Blow Up marque le début et la fin d’une époque, d’une manière de considérer le cinéma et ses images. Près de dix ans plus tard, Antonioni réalisera Profession : reporter (1975) qui, dès son ouverture, annonce la clôture du regard. Nulle mort de l’art ici, mais un nouvel appel au voyage. Vers les déserts d’Afrique et d’Espagne cette fois, paysages archaïques qui rappelleront ceux des derniers films de Pier Paolo Pasolini. Comme si, pour ces hérauts de la modernité, la vérité ne pouvait passer que par un retour au primitif.
Blow Up en cela marque bien une étape. La déliaison qu’il faut ici percevoir comme un raccord d’un type nouveau convoque une nouvelle manière de capter le monde.

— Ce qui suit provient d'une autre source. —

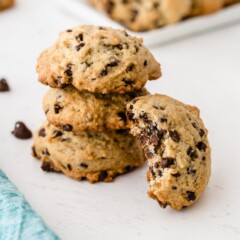 Stack of banana chocolate chip cookies with one tilted on side of stack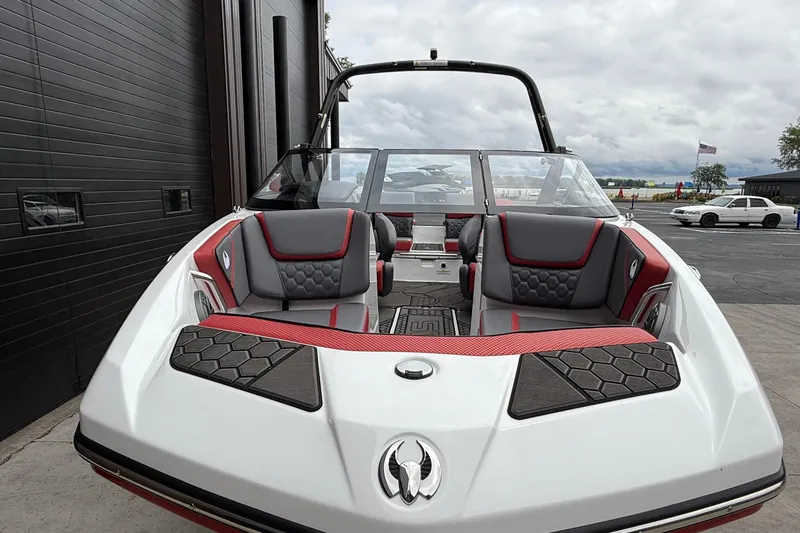 Slide: The Image of 2026 Scarab 195 LX boat with sleek design, red and gray seating, docked outdoors. - 10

Aujourd’hui encore, le film d’Antonioni apparaît comme un passage inoubliable pour qui souhaite comprendre l’histoire du cinéma, ses évolutions et ses prolongements contemporains. Pour nos lecteurs qui souhaiteraient en savoir plus sur l’œuvre d’Antonioni, les références bibliographiques sont nombreuses, et nous n’en retiendrons que quelques-unes. D’abord le Antonioni de Roger Tailleur et Paul-Louis Thirard paru aux Presses Universitaires de France en 1963, monographie rédigée par une main de maître par deux pionniers en la matière et qui synthétise à merveille la première partie de sa filmographie ; ensuite, Le cinéma d’Antonioni d’Alain Bonfand, publié en 2003 aux Images modernes, qui adopte une démarche philosophique tout à fait en phase avec la pensée du réalisateur ; enfin, l’Antonioni publié chez Flammarion en 2015 et placé sous la direction de Dominique Païni, directeur de l’exposition Antonioni à la Cinémathèque française, afin de découvrir les différences facettes de sa personnalité artistique (littérature, photographie, peinture, et cinéma bien sûr).